■ TASK TO CARRY OUT ■
Set out exactly, line by line, the stretch of data below that begins at the line containing "Foto 2 von 21: Luxus-Wohnung" and ends at the line containing "used 2020 GMC Yukon car, priced at $25,990", with both ends kept.

Stored items from a collection
——
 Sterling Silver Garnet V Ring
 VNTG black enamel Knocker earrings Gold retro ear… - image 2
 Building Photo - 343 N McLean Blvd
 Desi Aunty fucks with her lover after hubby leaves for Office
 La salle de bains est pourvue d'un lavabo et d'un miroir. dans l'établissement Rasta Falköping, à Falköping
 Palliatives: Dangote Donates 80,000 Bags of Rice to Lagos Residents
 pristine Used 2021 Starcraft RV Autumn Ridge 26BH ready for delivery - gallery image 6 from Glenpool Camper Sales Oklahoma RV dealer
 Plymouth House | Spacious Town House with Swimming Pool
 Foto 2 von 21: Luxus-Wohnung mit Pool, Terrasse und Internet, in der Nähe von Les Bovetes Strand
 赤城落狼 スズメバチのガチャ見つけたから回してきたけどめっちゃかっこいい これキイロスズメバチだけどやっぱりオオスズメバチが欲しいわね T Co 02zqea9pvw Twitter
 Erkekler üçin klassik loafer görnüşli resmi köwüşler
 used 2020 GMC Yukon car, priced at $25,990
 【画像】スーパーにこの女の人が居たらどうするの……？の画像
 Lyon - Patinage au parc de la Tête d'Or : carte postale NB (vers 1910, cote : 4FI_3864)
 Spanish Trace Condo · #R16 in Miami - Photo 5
——
■ SOLUTION FOR THIS EXERCISE ■
 Foto 2 von 21: Luxus-Wohnung mit Pool, Terrasse und Internet, in der Nähe von Les Bovetes Strand
 赤城落狼 スズメバチのガチャ見つけたから回してきたけどめっちゃかっこいい これキイロスズメバチだけどやっぱりオオスズメバチが欲しいわね T Co 02zqea9pvw Twitter
 Erkekler üçin klassik loafer görnüşli resmi köwüşler
 used 2020 GMC Yukon car, priced at $25,990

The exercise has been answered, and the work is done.